As I explained, Behavioral Genetics is a subdiscipline of academic psychology, all of the authorities I listed are both academic psychologists and well known experts and researchers in behavioral genetics.

You did not know who David C. Rowe was. Here are references to some of his papers related to behavioral genetics:

1: Rowe DC. Do people make environments or do environments make people? Ann N Y
Acad Sci. 2001 May;935:62-74. PubMed PMID: 11411176.

2: Rowe DC. The nurture assumption persists. Am Psychol. 2001 Feb;56(2):168-9.
PubMed PMID: 11279807.

3: Neiss M, Rowe DC. Parental education and child's verbal IQ in adoptive and
biological families in the National Longitudinal Study of Adolescent Health.
Behav Genet. 2000 Nov;30(6):487-95. PubMed PMID: 11523707.
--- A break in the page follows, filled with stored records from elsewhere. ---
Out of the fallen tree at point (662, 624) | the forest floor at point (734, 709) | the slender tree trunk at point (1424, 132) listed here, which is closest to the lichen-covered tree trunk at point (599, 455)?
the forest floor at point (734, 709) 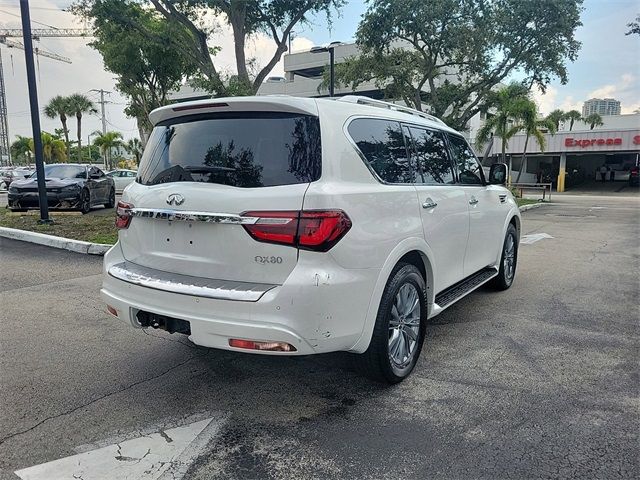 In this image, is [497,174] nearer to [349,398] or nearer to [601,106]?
[349,398]

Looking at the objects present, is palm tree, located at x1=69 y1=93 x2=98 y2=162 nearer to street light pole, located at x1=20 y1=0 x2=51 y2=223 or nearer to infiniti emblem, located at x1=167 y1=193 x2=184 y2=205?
street light pole, located at x1=20 y1=0 x2=51 y2=223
4: Rowe DC, Stever C, Giedinghagen LN, Gard JM, Cleveland HH, Terris ST, Mohr JH,
Sherman S, Abramowitz A, Waldman ID. Dopamine DRD4 receptor polymorphism and
attention deficit hyperactivity disorder. Mol Psychiatry. 1998 Sep;3(5):419-26.
PubMed PMID: 9774775.

5: Jacobson KC, Rowe DC. Genetic and shared environmental influences on
adolescent BMI: interactions with race and sex. Behav Genet. 1998
Jul;28(4):265-78. PubMed PMID: 9803019.

6: Rowe DC, Stever C, Gard JM, Cleveland HH, Sanders ML, Abramowitz A, Kozol ST,
Mohr JH, Sherman SL, Waldman ID. The relation of the dopamine transporter gene
(DAT1) to symptoms of internalizing disorders in children. Behav Genet. 1998
May;28(3):215-25. PubMed PMID: 9670597.

7: van den Oord EJ, Rowe DC. Effects of censored variables on family studies.
Behav Genet. 1997 Mar;27(2):99-112. PubMed PMID: 9145548.

8: Rowe DC, Clapp M, Wallis J. Physical attractiveness and the personality
resemblance of identical twins. Behav Genet. 1987 Mar;17(2):191-201. PubMed PMID:
3606540.

9: Rowe DC. Biometrical genetic models of self-reported delinquent behavior: a
twin study. Behav Genet. 1983 Sep;13(5):473-89. PubMed PMID: 6686763.

10: Rowe DC. A biometrical analysis of perceptions of family environment: a study
of twin and singleton sibling kinships. Child Dev. 1983 Apr;54(2):416-23. PubMed
PMID: 6683621.

11: Rowe DC, Plomin R. A multivariate twin analysis of within-family
environmental influences in infants' social responsiveness. Behav Genet. 1979
Nov;9(6):519-25. PubMed PMID: 263637.

Now as to the HBDers on my list of behavioral geneticists (and I gather you mean people who think that IQ, genes and race are integrally linked), David Rowe was an HBDer and possibly also Bouchard and Scarr, but most of the others have remained rather coy about their beliefs on that issue. To my knowledge, the author Judith Rich Harris has never endorsed the IQ, genes and race connection theory.